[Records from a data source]
---+---
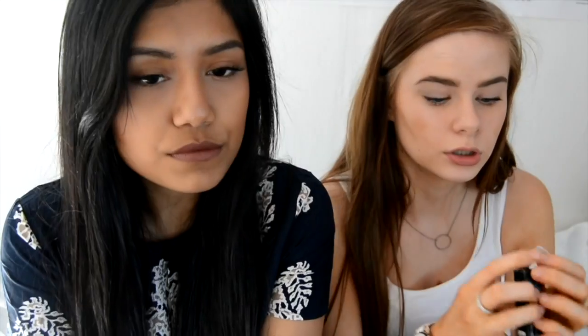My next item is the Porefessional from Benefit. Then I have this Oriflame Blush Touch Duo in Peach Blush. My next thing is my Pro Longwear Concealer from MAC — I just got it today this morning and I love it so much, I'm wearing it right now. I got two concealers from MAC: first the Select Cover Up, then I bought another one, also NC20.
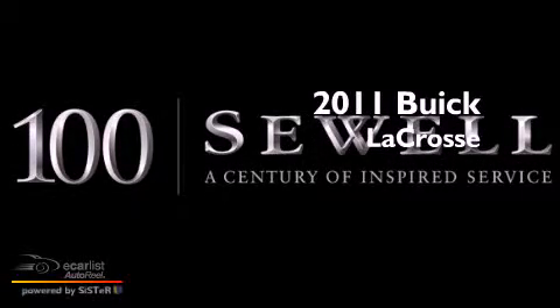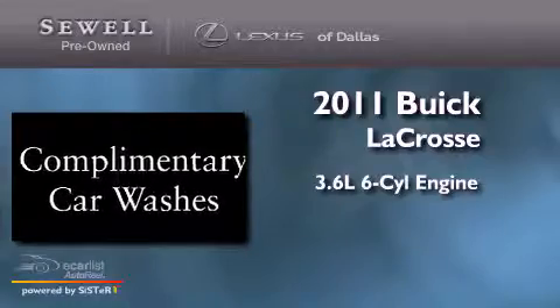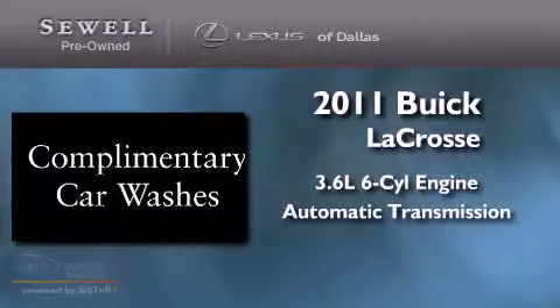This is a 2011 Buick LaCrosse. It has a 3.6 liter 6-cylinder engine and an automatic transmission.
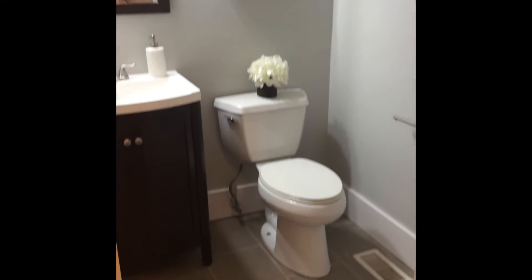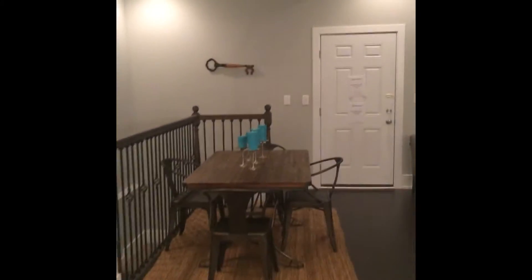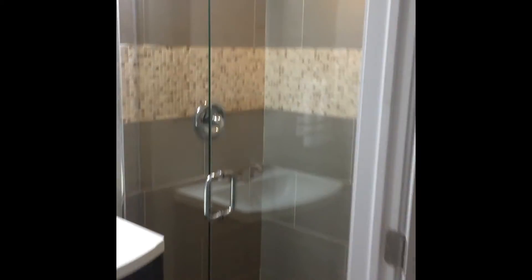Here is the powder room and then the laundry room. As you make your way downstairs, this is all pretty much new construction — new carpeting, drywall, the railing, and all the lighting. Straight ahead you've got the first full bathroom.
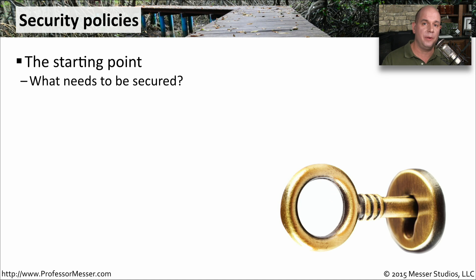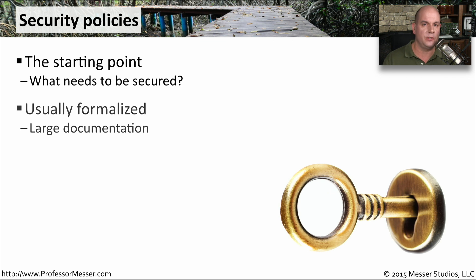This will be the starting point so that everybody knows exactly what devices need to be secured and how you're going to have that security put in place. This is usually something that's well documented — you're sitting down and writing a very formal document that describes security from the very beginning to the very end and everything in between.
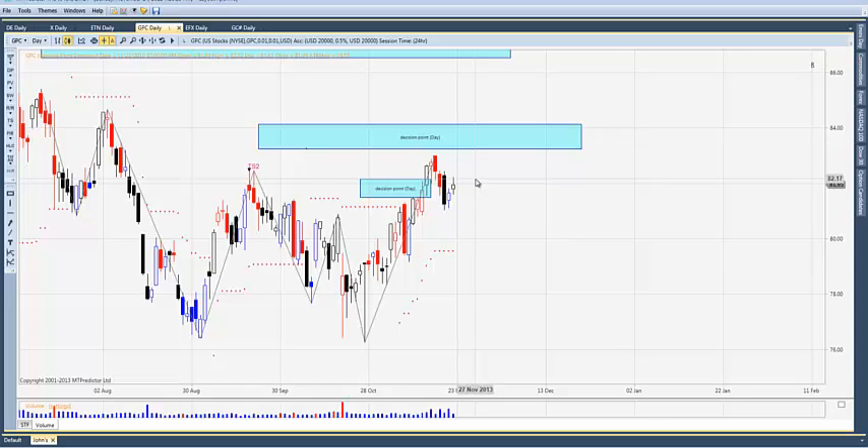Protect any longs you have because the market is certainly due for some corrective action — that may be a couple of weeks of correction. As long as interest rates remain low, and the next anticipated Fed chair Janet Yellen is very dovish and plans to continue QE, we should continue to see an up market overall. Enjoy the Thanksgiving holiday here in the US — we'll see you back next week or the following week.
---+---
#### ASSIGNMENT:
Quote only what lies between the first line of the records and the line containing "Here is the", please, including both lines and excluding images.

#### TASK OUTPUT:
My next item is the Porefessional from Benefit. Then I have this Oriflame Blush Touch Duo in Peach Blush. My next thing is my Pro Longwear Concealer from MAC — I just got it today this morning and I love it so much, I'm wearing it right now. I got two concealers from MAC: first the Select Cover Up, then I bought another one, also NC20.
This is a 2011 Buick LaCrosse. It has a 3.6 liter 6-cylinder engine and an automatic transmission.
Here is the powder room and then the laundry room. As you make your way downstairs, this is all pretty much new construction — new carpeting, drywall, the railing, and all the lighting. Straight ahead you've got the first full bathroom.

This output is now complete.